(Revised from the transcript)
STEWART J:
1 By originating process that comes before me on an urgent basis, as duty judge, the plaintiffs seek interlocutory orders for leave to join 28 parties to these proceedings, as defendants, pursuant to rr 1.32 and 9.05 of the Federal Court Rules 2011 (Cth). Alternatively, the plaintiffs seek that the requirements of r 9.02 of the Rules be waived pursuant to r 1.34 of those Rules.
2 Since the originating application already cites the defendants in respect of whom leave is sought, they are, in effect, already defendants to the proceeding. Recognising that, Mr Rose, who appears before me for the plaintiffs, seeks that leave to join the defendants be granted nunc pro tunc.
3 Messrs Jahani and McInerney bring these proceedings in their capacities as liquidators of each of the following companies: Delta Coal Mining Pty Ltd, Delta Mining Pty Ltd, Delta SBD Ltd and SBD Services Pty Ltd, which I will refer to as the companies. The substantive proceeding to which the proposed defendants are sought to be joined is a proceeding brought pursuant to s 588FF of the Corporations Act 2001 (Cth) for the recovery of unfair preferences.
4 The relevant statutory limitation period to bring those claims expires on 30 May 2020, being three years from the date on which Messrs Jahani and McInerney were appointed as administrators of the company: see s 588FF(3)(a)(i) of the Act. Since 30 May is only days away, the application must be dealt with urgently. Mr Jahani, in his affidavit, has explained why this application was not brought at an earlier time, particularly with reference to what has been done in the intervening period of time. I am satisfied with the adequacy of that explanation and that the matter is properly dealt with today.
5 The plaintiffs rely on two affidavits of Mr Jahani, each affirmed on 25 May 2020. Messrs Jahani and McInerney were appointed as administrators of the companies on 31 May 2017 (the relation-back day). On 18 August 2017, each of the companies was wound up in a creditors' voluntary winding up with Messrs Jahani and McInerney appointed as the liquidators. Mr Jahani explains the following relationships, as at the date of his and Mr McInerney's appointment:
(1) Delta SBD wholly owned Delta Mining and SBD Services;
(2) Delta Mining wholly owned Delta Coal Mining;
(3) Delta Coal Mining was part of the Delta SBD Group;
(4) Delta Mining was part of the Delta SBD Group;
(5) The Delta SBD Group was in the business of providing labour and equipment hire services;
(6) The Delta SBD Group was consolidated for financial reporting purposes; and
(7) Movements of cash across the Delta SBD Group from time to time were recorded as intercompany loans.
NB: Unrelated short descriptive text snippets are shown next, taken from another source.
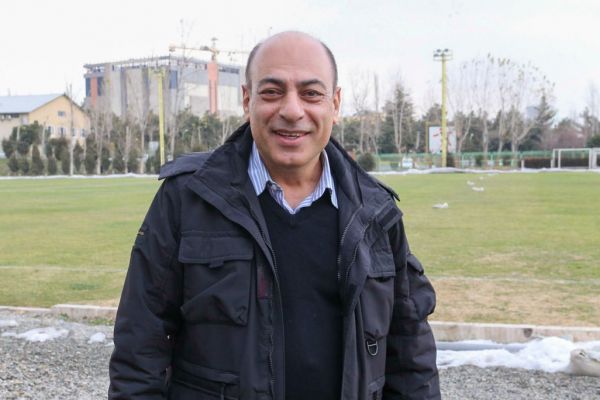  بهرام امیری مشاور عالی مدیر عامل باشگاه استقلال شد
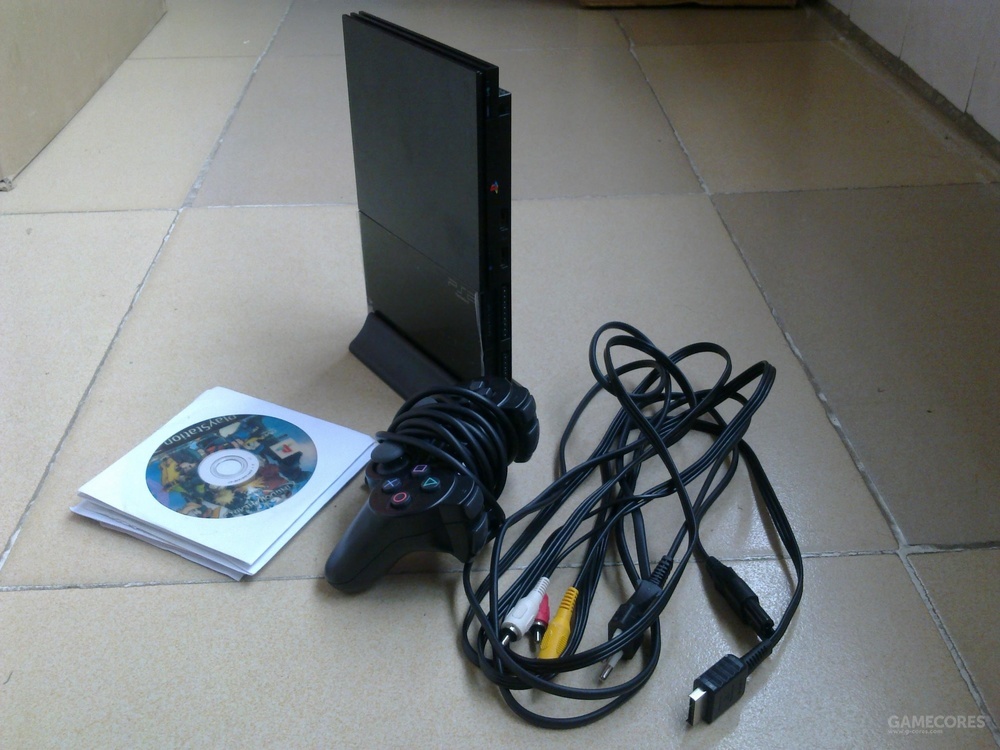 离开主机十年的我，为什么还要买一台PS4PRO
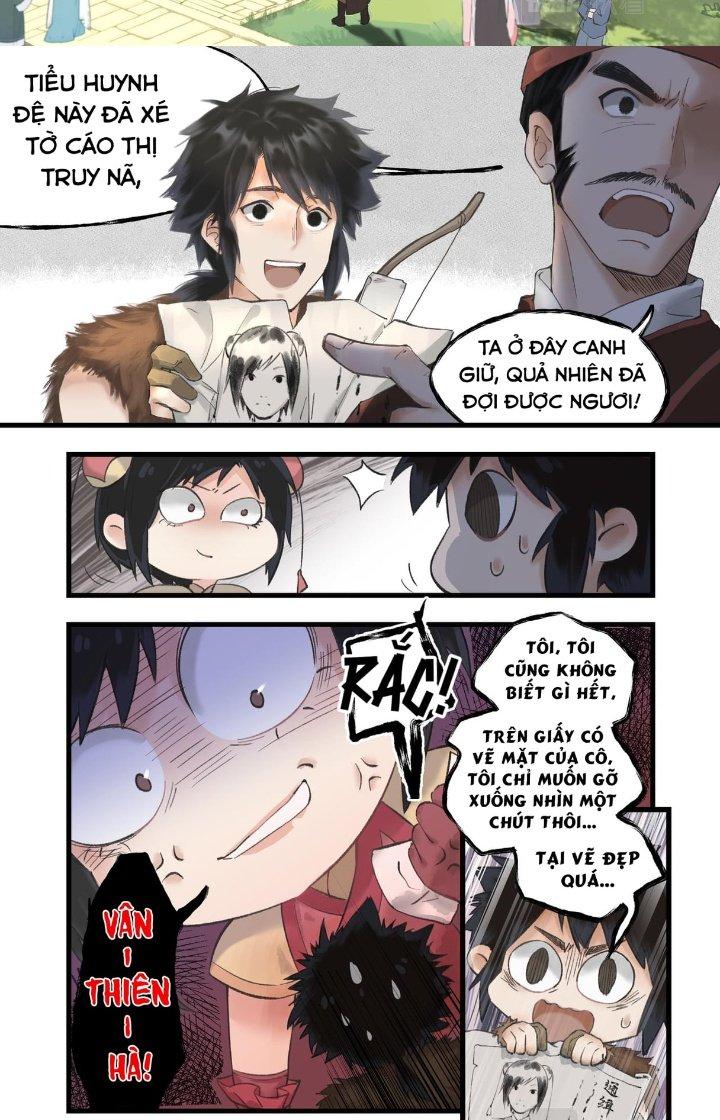 Tiên Kiếm Kỳ Hiệp Truyện Tứ Chapter 12 - Trang 3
6 The companies' principal activity was the provision of labour and equipment hire to mine owners in Queensland and New South Wales for the extraction of black coal. Other mining services provided by the companies included whole mining management and operations and other specialist underground mining services.
7 The companies were party to a deed of cross guarantee entered into on 3 May 2011 in order to take the benefit of ASIC class order 98/1418, as amended. The effect of that deed is that each of the companies jointly and severally agreed with each of its creditors that each entity subject to the deed would guarantee to each creditor payment of any debt due to the creditor from any group entity, upon, inter alia, a creditors' voluntary winding up of the relevant company, as those terms are defined in the deed.
8 Mr Jahani goes on to explain that the books and records of the company indicate that during the six months ending on 31 May 2017 (the relation-back period), the companies made payments to each of the proposed defendants in respect of:
(1) unsecured amounts owing to them for goods or services supplied by those creditors;
(2) various unsecured taxation liabilities; or
(3) rental payments under a lease agreement in respect of certain property in Queensland,
each of which the liquidators believe constitute unfair preference payments made during the relation-back period.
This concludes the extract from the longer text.